The Justice Department seems to be mulling that question, according to this WAPO story.
And this AP write up explores a bit more, concentrating on the question of whether or not Brave Sir Julian's outfit can be properly described as a journalistic organization.
Nations arrest try and convict spies from sovereign states, as the U.S. has obviously done in the past, so it would hardly be a surprising development if Holder and company did the same with Assange, but a bit different because he is an agent of no state. He is a bit like an AQ agent in that regard. He is a non-state actor.
The question is, which covering law would be best suited to the purpose trying and convicting Asschapeau while surviving the test of the inevitable judicial proceedings, producing a conviction. Is the 1917 act the best one for that purpose, given the subsequent history of Supreme Court decisions? I would suggest Gabe Schoenfeld's "Necessary Secrets" as a good primer on the difficulties. It might be easier to base a case on the fact that he is either engaging in theft or knowingly in receipt of stolen of government property.

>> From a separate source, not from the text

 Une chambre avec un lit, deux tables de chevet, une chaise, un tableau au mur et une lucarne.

Be that as it may, there is much consternation in the two pieces linked above, I think, because there are some fundamental confusions within and between at least three categories of entity, i.e.,
1. confusions regarding the applicability of constitutional protections covering U.S. citizens, as contrasted with said protections as applicable (and IF applicable) to non-citizens,
and;
2. a confusion regarding constitutional protections applicable to U.S. Media outlets as contrasted with those (if any) provided to foreign press entities,
and lastly;
3. a confusion between the moral status or morally justified protections granted traditional journalists and journalistic outlets, and the moral status and consequent protections deserved by entities such as Wikileaks.

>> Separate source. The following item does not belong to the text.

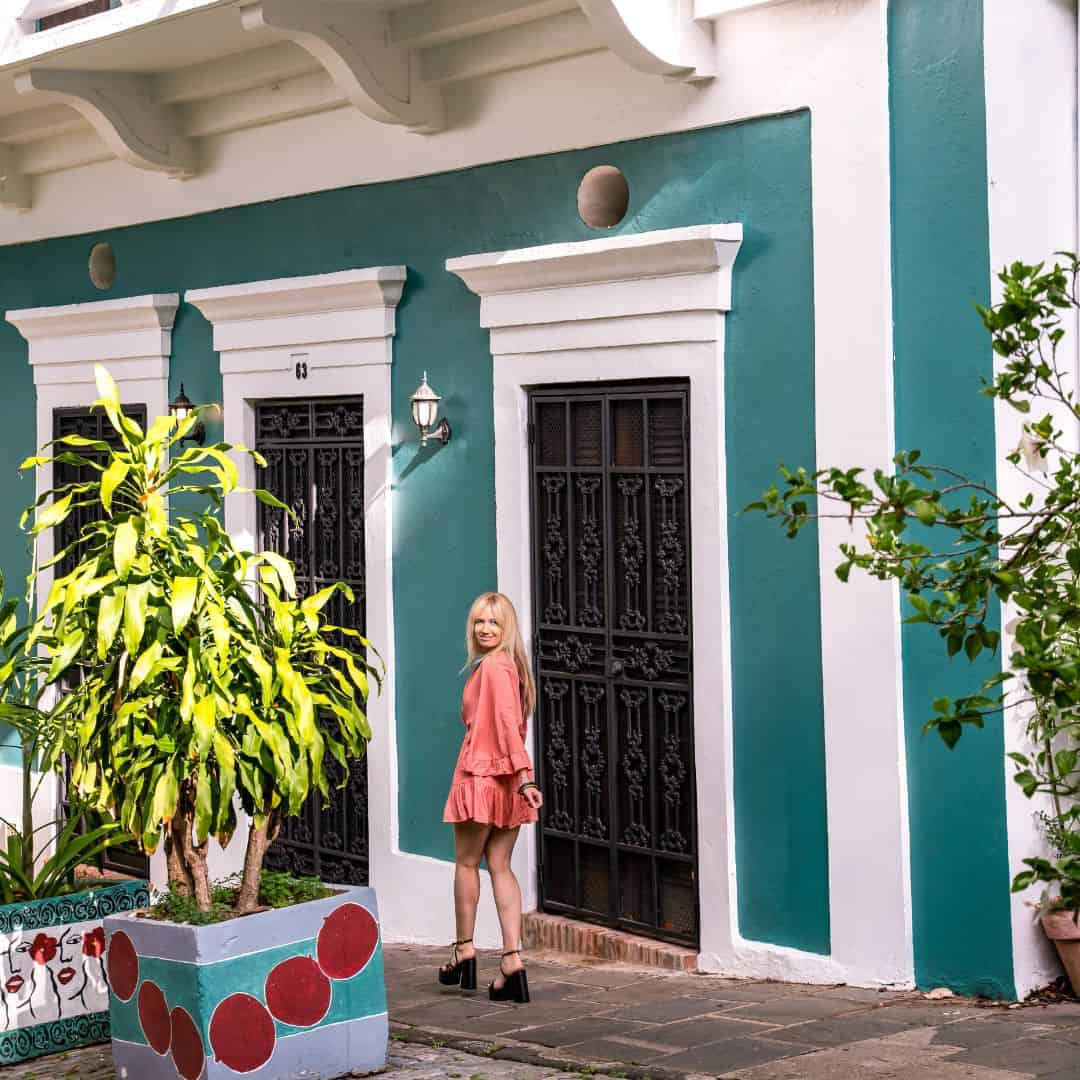 Woman with long blonde hair wearing a peach shorts jumpsuit and black heels looking over her shoulder and smiling as she's walking down a street in front of a dark turquoise building with three black doors lined with white frames and tropical trees in brightly painted pots.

In regard to #1 and #2: Suppose Brave Sir Julian attempts a 1st Amendment defense of his actions. Why not argue that the Constitution, while reflective of what we believe are the natural rights of all humans, does not extend the U.S. government's protection of those rights to persons who are not U.S. citizens. Being a legal citizen of Australia, The Pallid Knight must depend for that protection, on that entity, should it decide to undertake that defense. [Don't count on it there Bud.]
Additionally: all previous attempts to use the Espionage Act were in efforts to prosecute U.S. citizens who provided the U.S. press with classified information, indicating that the law was intended to deter U.S. citizens, and apply only to same. Given that is the case, all of the difficulties introduced by subsequent Supreme Court opinions exist because in those cases the value of a free American press for purposes of maintaining an informed American public was given great weight. Because each case involved a U.S. journalistic entity, cautions were taken. This would argue toward either revising the Espionage act to take into account foreigners, or reliance for legal action on other laws not so tightly bound by domestic and constitutional restrictions.
In this case, while the N.Y Slimes did receive the stolen information, it received it from an organization that is outside the U.S., at the head of which is Brave Sir Julian, not a citizen. So, in the interests of preserving the domestically vital role of U.S. press, a revised act might be cited, only in reference to WkLks, with the auxiliary argument that WkLks, not being a U.S. entity, is not entitled to the constitutional protections that the Slimes is entitled to. [Indeed a case can be made that the Slimes did knowingly receive government property, classified information, which it published, and is therefore in violation of the act, but, as the Pentagon papers case showed, the prospects of such a prosecution succeeding are not good.]
In regard to #3: Wikileaks seems to think it is a journalistic outfit because it provides information, allowing for well informed citizens of the world. However, there are some obvious disanalogies. Wikileaks indulges in highly misleading or perhaps leading packaging of its information. It enables illegal activity. It does little to provide context, and does not make but the weakest of efforts to approach the states whose documents it dumps, in an effort to mitigate collateral damages. Because it makes no real efforts in this regard, it has recklessly endangered innocent lives with its two military related docu-dumps.
Now, I am prone to think U.S. media has shown less than adequate regard for these sorts of things, BUT they at least do make the effort, and DO sometimes hold off on publishing when requested, subsequent to hearing out governmental entities that have concerns about their operations and possible impact on national security. Wikileaks, to say it again, makes no such pretenses, and only started its half-hearted efforts at editing document after it had released the Afghan documents, and had been called on the carpet for providing the barbarian with a virtual hit list. In short, they were and are inexcusably and dangerously amateurish.
What I am arguing here, from the moral perspective, is that there is an obligation, on the part of states to reciprocate respect for roles vis-a-vis ostensibly responsible press entities. Because more traditional media outlets do show a level of respect for governmental entities, and do sometimes acquiesce in their expertise and requests for delay of publication they are deserving of some consideration. The government, in turn has a moral obligation to reciprocate a similar level of respect for the role of the press, as a supply of information for a healthy democracy, in essence cutting some slack. Something like this line of thought is probably an aspect of the curious lack of stomach the U.S. government has had with regard to prosecuting domestic leakers.
However, where that respect is not reciprocated, there is no moral case to be made that the U.S. government needs to treat the (alleged) press entity with the same respect it accords entities such as the Slimes.